A abobrinha é um alimento rico em cálcio, magnésio, proteínas e potássio, o que faz com que ela seja uma boa opção não só para quem faz dieta, como também para aqueles que querem cuidar da saúde dos ossos e do coração e pretendem renovar as células.

Tudo isso com um ganho ínfimo de calorias, já que há por volta de 20 kcal em uma porção de 100 gramas.

Pepino

Esse diurético natural tem papel importante no tratamento de cálculos renais e, além disso, tem antioxidantes, que ajudam a evitar o envelhecimento precoce e prevenir câncer, doenças cardiovasculares e infecções.

Entre os nutrientes presentes no pepino estão magnésio, potássio, vitaminas B5 e C e carotenoides. Para completar, 100 gramas do vegetal têm apenas 18 calorias.

Damasco

Ferro, cobre, fósforo, magnésio, potássio, e vitaminas A, B3, B5 e K são algumas das propriedades do damasco, outro alimento com caloria negativa.

Sua ação no organismo é antioxidante, protegendo o corpo contra doenças cardíacas, câncer, envelhecimento e problemas intestinais, já que possui muitas fibras. Uma unidade de damasco seco tem apenas 9 calorias.

Couve

Muito presente na culinária brasileira (felizmente), a couve traz vários benefícios à saúde, já que é repleta de nutrientes como cálcio, ferro, vitaminas C, K e B6, e antioxidantes.

Consumida preferencialmente crua ou com um baixo cozimento, ela pode prevenir o câncer, problemas ósseos, infecções e do sistema imunológico.
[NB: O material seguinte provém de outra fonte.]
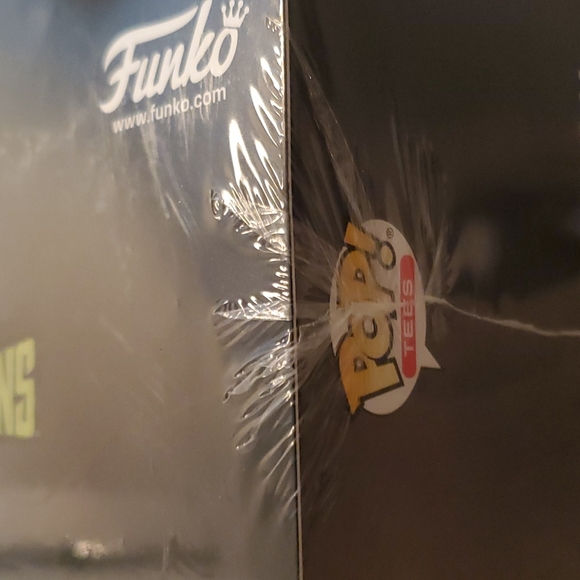 Catwoman (Jim Lee Deluxe) (Black & White) Funko and Catwoman Tee XL - Picture 4 of 5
Em uma porção de 90 gramas de couve refogada há cerca de 60 calorias.

Berinjela

Se for consumida crua, a berinjela pode fornecer manganês ao organismo (nutriente que se perde com o cozimento).

Além desse nutriente, outros atributos desse alimento são a grande quantidade de fibras, proteínas, vitaminas A, B1, B2, B5 e C, cálcio, fósforo, ferro, potássio, magnésio, e alcaloides.

Os benefícios que vêm em retorno são a melhora da função intestinal, do sistema cardiovascular, do sistema imunológico e a prevenção de doenças como o câncer. Isso sem falar na ajuda à dieta, já que, em 100 gramas, ela apresenta 20 calorias.

Maçã

Para aproveitar os benefícios que a maçã apresenta, é importante consumi-la com casca. Além de ter fibras, a “embalagem” da fruta contém pectina, e, se consumida com frequência, ajuda a reduzir as taxas de colesterol e o depósito de gordura nas artérias e melhora a circulação do sangue.

Outros nutrientes encontrados nela são fósforo, ferro, e vitaminas B1, B2 e niacina. Ao consumir uma unidade de 100 gramas, a ingestão média é de 50 calorias.

Beterraba

Com 50 calorias em 100 gramas, a beterraba é outro exemplo de alimento com “calorias negativas”. Além de ajudar a emagrecer, é um dos legumes com mais propriedades antioxidantes, o que previne o organismo de doenças degenerativas e cardiovasculares.

É ainda recheada de vitaminas A, K, B1, B2, B5, B6, B9, C e E, além de apresentar cálcio, potássio, ferro, cobre, manganês e magnésio na composição.

Tais nutrientes ajudam, entre outras coisas, a prevenir a anemia, problemas ósseos e imunológicos.

Mexerica

Além de ser importante no emagrecimento, devido à grande quantidade de fibras, a mexerica é bastante útil na proteção da saúde dos olhos, da pele, músculos e sistema nervoso. Isso porque traz quantidades consideráveis de vitaminas A e C, magnésio, potássio, cálcio e fósforo.

A casca também tem grandes propriedades, que podem ser usufruídas por meio de geleias e compotas. Os nutrientes presentes nela são vitaminas A, B1, B2, Niacina, Vitamina C, cálcio e fósforo. Em 100 gramas da fruta, há 50 calorias.

Alho

Os benefícios do alho vão muito além do bom tempero. Sua composição, que traz vitaminas A, B2, B6, C, ferro, silício, iodo, selênio, alicina, entre outros, atua fortemente no melhor funcionamento cardiovascular e do sistema imunológico.